Salad buffet at La Faim des Haricots

“I protect my restaurants!” That’s the sentence Darcy used when I asked her to tell me about her favorite restaurants in Toulouse. When I asked her to explain what she meant, she said she didn’t want everyone to discover them. They’re small restaurants, little jewels so to speak, whose owners she now knows and who offer reasonable prices. So now we understand why she doesn’t want everyone to invade them. At least she told me about the sandwich she was eating: it’s the new sandwich at the boulangerie in the neighborhood around the Dickinson Center, and you have to try it…as well as the pistachio cake sold at the same boulangerie.

Sipping tea at Dip’s Tea

Not everyone can be a papillary specialist like Darcy, but at least you can know what you like. David isn’t afraid to state: “I really like kebabs…it’s inexpensive, delicious and filling.” Where to find the best kebabs in Toulouse? Between Carmes and Place de la Trinité. Try their “Algerian sauce,” says the expert.

Let’s move on to the opposite of kebabs: vegetarian cuisine.

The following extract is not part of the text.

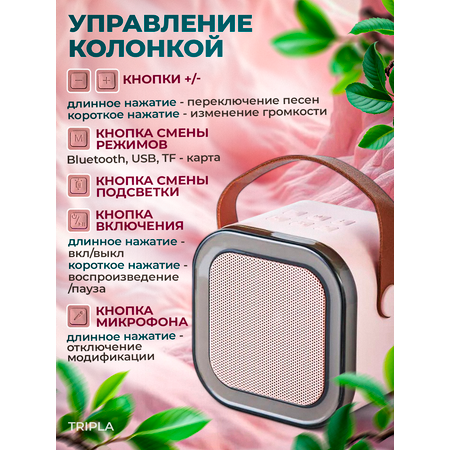 Детское караоке MagicStyle караоке с 2 беспроводными микрофонами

Many students have discovered the well-known restaurant La Faim des Haricots, which Rosy told us about way at the beginning of first semester. Monica now tells us that it’s the best place to get a balances meal at a reasonable price. Ever since she discovered the “take-away” option, she’s become a faithful client. It’s only 1,20€ for 100g, whereas for a sit-down meal, you can choose meals for 10-14€. A good deal. But beyond price and practicality, why eat a vegetarian meal in France, where the cuisine heavily relies on meat? Exactly – it’s an alternative. Monica says, “we eat too much bread here! La Faim des Haricots gives other options. In the United States, we eat a lot of vegetables, which is more difficult to do here. Living with a host family, I have less control over what I eat. If I eat alone, I have to buy food and prepare it in advance. La Faim des Haricots allows her to find a good balance between typical French cuisine and a less well-known culinary tendency in France.

Summing up a semester in Toulouse wouldn’t be complete without a briefing on tea rooms. They’re everywhere, they’re delicious, like for instance Flower’s, L’autre salon de thé, Bapz, Le Bol Bu, Le Sherpa… But they’re also packed. Monica discovered one, however, with a fairly calm ambiance: Dip’s Tea. A bit hidden on rue du Pharaon, near Carmes, this tea room is never too full. Monica tells us that the last time she went there, she was the only person there and she stayed for two hours. The nice owner brought her freshly made madeleines. An intimate place, with delicious teas and cakes.